Pipelines let you chain multiple collections so the output documents of one stage become the input to the next. This enables modular, versioned, and reusable processing for complex multimodal workflows.

Overview

  • What: Multi-stage processing where a collection can use another collection as its source
  • How: Set collection source.type to COLLECTION and reference the upstream collection_id
  • Why: Compose extraction, transformation, enrichment, and indexing in clear stages

How chaining works

Each collection declares a source and its own feature extractors.
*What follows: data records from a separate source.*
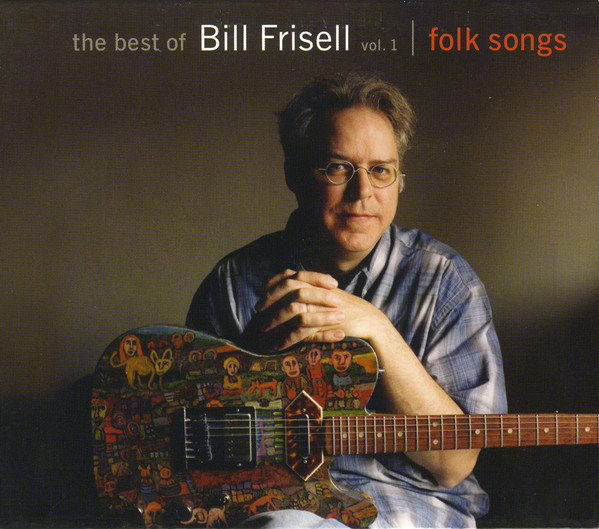 

Bill Frisell - Best Of Vol.1 - Folk Songs (1 CD)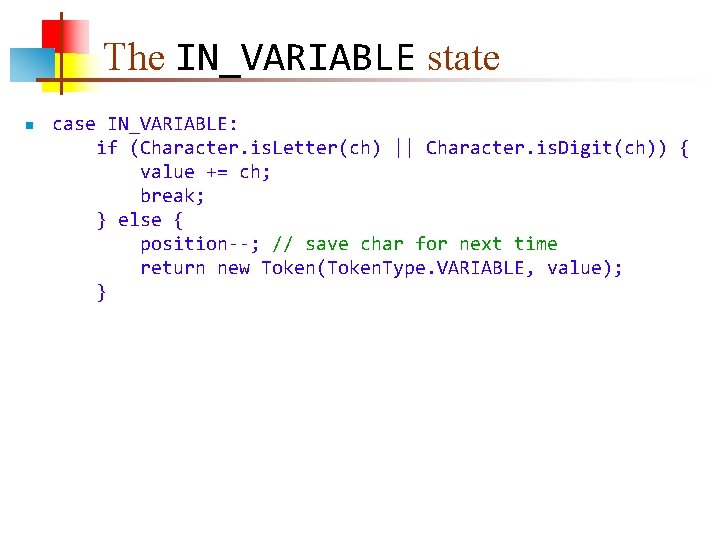 The IN_VARIABLE state n case IN_VARIABLE: if (Character. is. Letter(ch) || Character. is. Digit(ch))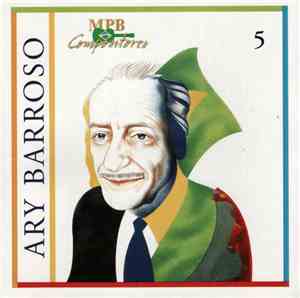 Ary Barroso - MPB Compositores Vol. 5
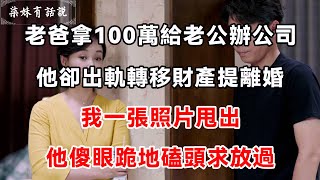 老爸拿100萬給老公辦公司，他卻出軌轉移財產提離婚，我一張照片甩出，他傻眼跪地磕頭求放過 | 柒妹有話說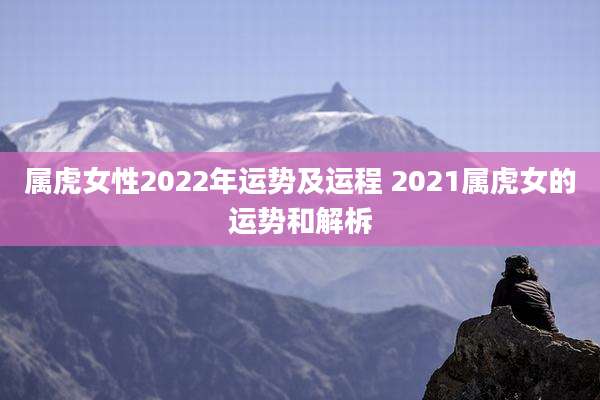 属虎女性2022年运势及运程 2021属虎女的运势和解柝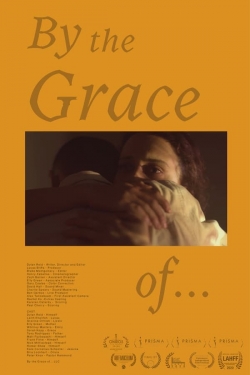 Watch Free By the Grace of... Full Movies HD Online MyFlixer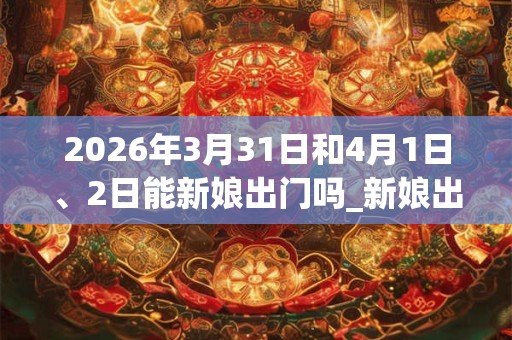 2026年3月31日和4月1日、2日能新娘出门吗_新娘出门是吉日吗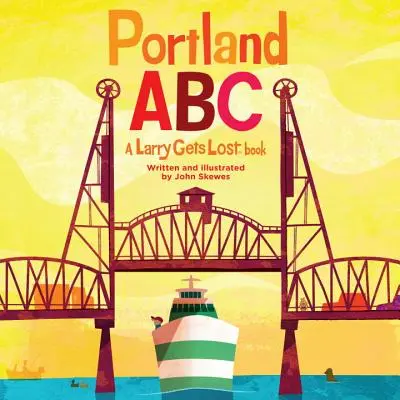 Portland Abc : Un livre de Larry se perd - Portland Abc: A Larry Gets Lost Book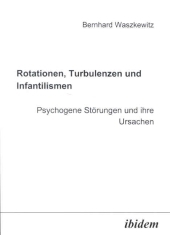 Rotationen, Turbulenzen und Infantilismen - Psychogene Störungen und ihre Ursachen Rotationen, Turbulenzen und Infantilismen - Psychogene Störungen und ihre Ursachen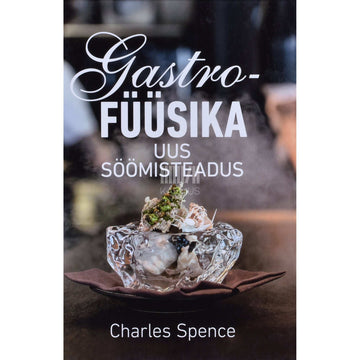 Charles Spence - Gastrofüüsika. Uus söömisteadus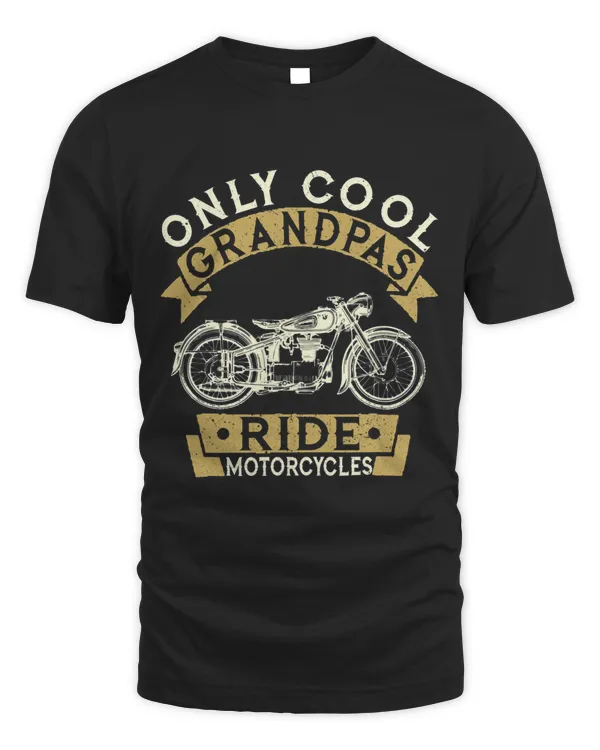Only Cool Grandpas Ride Motorcycles Gift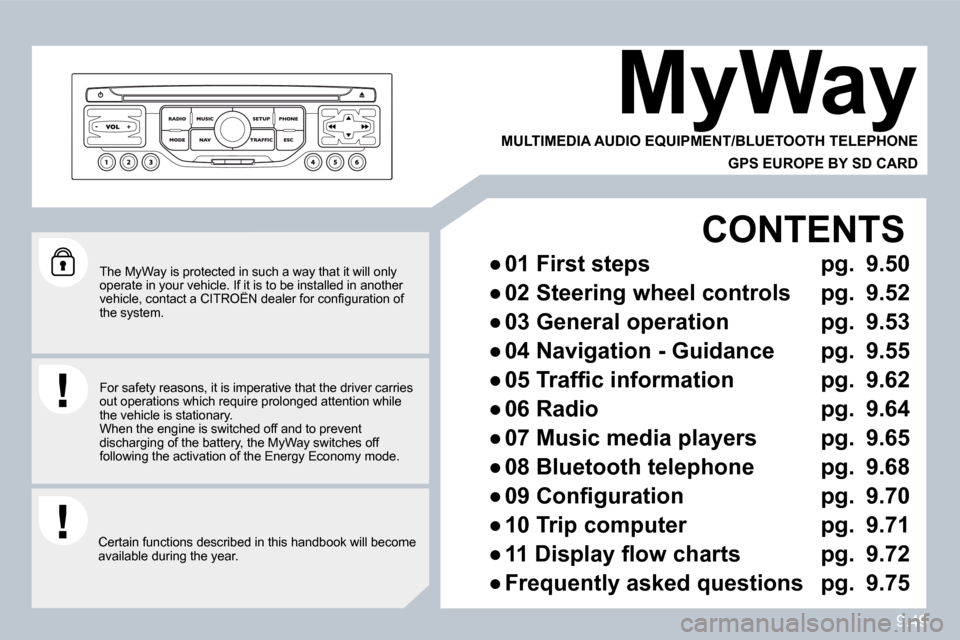 Citroen C8 2010 1.G Owners Manual 9.49
  The MyWay is protected in such a way that it will only operate in your vehicle. If it is to be installed in another �v�e�h�i�c�l�e�,� �c�o�n�t�a�c�t� �a� �C�I�T�R�O�Ë�N� �d�e�a�l�e�r� �f�o�r�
By pointing one collection at another, you build a directed graph of stages.
{
  "collection_name": "products_raw_v1",
  "source": {"type": "BUCKET", "bucket_id": "bkt_123"},
  "feature_extractors": [
    {"feature_extractor_name": "pdf_parser", "version": "1.0.0"},
    {"feature_extractor_name": "image_embedder", "version": "1.0.0"}
  ]
}
{
  "collection_name": "products_enriched_v1",
  "source": {"type": "COLLECTION", "collection_id": "col_products_raw_v1"},
  "feature_extractors": [
    {"feature_extractor_name": "text_embedder", "version": "1.0.0"}
  ]
}
  • Upstream collection writes documents with initial features
  • Downstream collection reads those documents as its input and adds more features

Examples

  • Video pipeline: video_scenes (BUCKET → scene splitting) → scene_analytics (COLLECTION → face object detection) → scene_enriched (COLLECTION → taxonomy enrichment)
  • Document pipeline: docs_raw (BUCKET → OCR and PDF parse) → docs_nlp (COLLECTION → embeddings and entities) → docs_topics (COLLECTION → topic tagging)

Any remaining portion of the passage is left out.